En los relatos incluidos en esta edición, “Papeles de Sara” y “Laura en Sabado” encontramos también esta conciencia de las fronteras, de los estancos que limitan al ser humano y le impiden su liberación. Sara es un ser dividido entre su realidad y sus deseos. Inválida y limitada a los confines de un apartamento, agoniza de subordinación y de la imposibilidad de hacer realidad el milagro de moverse, de girar y elevarse de la tierra como la bailarina de porcelana que lleva su madre a la casa: figurilla frágil que siendo un imposible desata en ella desplazamientos interiores que concluyen en su realización como mujer cuando rompe las ataduras sociales, representadas en la figura materna, y se entrega a Milito, el conserje, el ser inferior que representa al otro y que al unirse a ella la completa como ser humano. De los brazos de Milito, Sara se eleva por encima de las fronteras marcadas por las reglas sociales.

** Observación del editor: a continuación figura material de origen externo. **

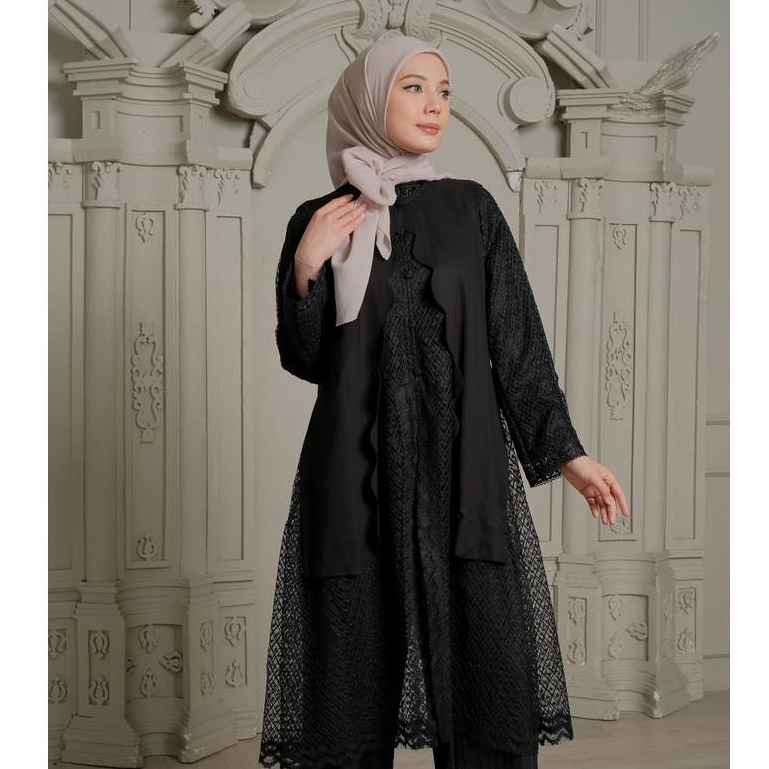 eleanorre Veloura Series Charlotte Black Oneset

La prostituta de “Laura en sabado” también vive confinada. Ella es también un ser dual, dividido entre la empobrecida y sórdida realidad que le ha tocado vivir y sus sueños de ser una mujer apreciada y digna, con un lugar en la sociedad. Pero Laura no puede atravesar las fronteras de su medio social, un mundo de violencia, de chulos, maricas y proxenetas. Y cuando cree que lo ha logrado es para descubrir que también del otro lado, en el mundo al cual ella aspira llegar, hay fronteras más terribles: la de las miserias humanas que encarnan la pareja de burgueses pervertidos a quienes tiene que ofrecer sus servicios la noche de ese sábado, cuando ella desciende a los infiernos de la degradación para desde allí alzar el vuelo de Makandal por su única fuerza interior.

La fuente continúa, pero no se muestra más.